Links
Busy week, so not many links — sorry!
3 stars
He Spent 25 Years Infiltrating Nazis, the Klan, and Biker Gangs | Rolling Stone
Scott was a top undercover agent for the FBI, putting himself in harm's way dozens of times. Now, he’s telling his story for the first time to sound the alarm about the threat of far-right extremists in America.
2 stars
Competition, part I | Natural Selections
Competition, part II | Natural Selections
Fair warning — Heather Heying appears to be an anti-vaxxer who takes ivermectin prophylactically, but she was also previously a tenured biology professor, and as far as I can tell, there is credible science behind these two posts. And the ideas are interesting, even if I don’t entirely agree. (Also, you might remember this ivermectin post from Scott Alexander that concludes it doesn’t work, but is just a little bit understanding of why some people might think it does.)
In college, I had a mixed-sex friend group that skewed male—five guys, and me. We did things that many would view as male-typical: biking fast, jumping off rope swings, exploring new trails, and when inside, playing games—cribbage, backgammon, cards. There was a young woman who was sometimes around, although she didn’t participate with us in our usual activities. One of the guys was interested in her romantically, but she toyed with him—sometimes she was flirtatious, sometimes reticent—and the rest of us didn’t love the dynamic. One day the lot of us were at the guys’ apartment, all of us playing board games except for her. We invited her to play. “I don’t play games,” she announced.
As I remember it, we all laughed out loud at that pronouncement. Of course she played games—she was constantly playing games with our friend. What she didn’t play were structured games with explicit rules laid out in advance. She didn’t play overt games. But many a researcher who was studying game-playing would have taken her at her word, and coded her as not being one who plays games. Yet game-playing is ubiquitous—just as is competition more broadly. It’s everywhere, but that doesn’t mean it always looks the same. Specifically, it rarely looks the same in men and in women.
The picture has been muddied for us by the tendency for men to be used as the standard model. This tendency is hardly unique to the study of competition, however. Let’s consider medicine for a moment. […]
Just as there turns out to be no “typical” presentation of heart attack that is not sex-specific, we should not expect “competition” to look the same in men and women. We differ anatomically and physiologically; so too do we differ behaviorally and socially, due to the many downstream effects of sexual selection. And just as the “classic” warning signs of a heart attack can be more accurately understood as the warning signs of a heart attack if you are male, the question “are you competitive?” tends to come with it an unstated assumption of male-style competition.
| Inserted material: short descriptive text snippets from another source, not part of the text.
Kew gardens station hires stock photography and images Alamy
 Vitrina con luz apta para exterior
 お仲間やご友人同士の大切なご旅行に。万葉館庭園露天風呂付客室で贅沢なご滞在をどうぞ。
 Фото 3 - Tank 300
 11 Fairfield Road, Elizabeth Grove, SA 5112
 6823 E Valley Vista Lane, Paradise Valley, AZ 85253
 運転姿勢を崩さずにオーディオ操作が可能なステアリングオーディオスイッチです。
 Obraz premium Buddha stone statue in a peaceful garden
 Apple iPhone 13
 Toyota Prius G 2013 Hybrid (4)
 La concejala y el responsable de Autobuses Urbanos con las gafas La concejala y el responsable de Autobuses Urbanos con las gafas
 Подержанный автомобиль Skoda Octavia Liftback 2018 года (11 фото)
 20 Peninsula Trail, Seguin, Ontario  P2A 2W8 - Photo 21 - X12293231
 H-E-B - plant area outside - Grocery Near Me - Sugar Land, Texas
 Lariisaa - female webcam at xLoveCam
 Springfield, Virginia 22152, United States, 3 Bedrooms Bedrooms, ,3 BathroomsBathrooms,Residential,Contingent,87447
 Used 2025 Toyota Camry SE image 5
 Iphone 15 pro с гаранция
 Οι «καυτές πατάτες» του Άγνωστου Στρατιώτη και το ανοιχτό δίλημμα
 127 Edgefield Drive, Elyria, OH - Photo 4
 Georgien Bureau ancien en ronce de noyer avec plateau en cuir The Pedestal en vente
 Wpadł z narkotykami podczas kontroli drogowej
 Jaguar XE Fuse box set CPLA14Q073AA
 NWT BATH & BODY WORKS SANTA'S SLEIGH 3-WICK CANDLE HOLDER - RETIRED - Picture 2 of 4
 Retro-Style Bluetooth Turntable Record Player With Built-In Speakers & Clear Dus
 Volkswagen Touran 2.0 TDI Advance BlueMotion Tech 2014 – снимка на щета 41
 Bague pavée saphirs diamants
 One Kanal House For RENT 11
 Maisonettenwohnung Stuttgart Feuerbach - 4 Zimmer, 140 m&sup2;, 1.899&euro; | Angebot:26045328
The point is this: modernity is confusing for all sorts of reasons, and one of them is that we have thrown out many ancient ways of being. Sometimes we have done so for good reason. Most of the changes that have emancipated women and allowed us the full freedom of choice and opportunity to become our best selves fall into this category. But such changes come with costs that we discuss too rarely. If—as I argue below—male dominance hierarchies have historically been maintained through overt means, and female dominance hierarchies have historically been maintained through covert means, then dropping us into a social stew together, in which males and females are explicitly pitted against each other in a quest for a single currency, to work together while pretending that we all understand and play by the same rules, is to invite discord at best, disaster at worst.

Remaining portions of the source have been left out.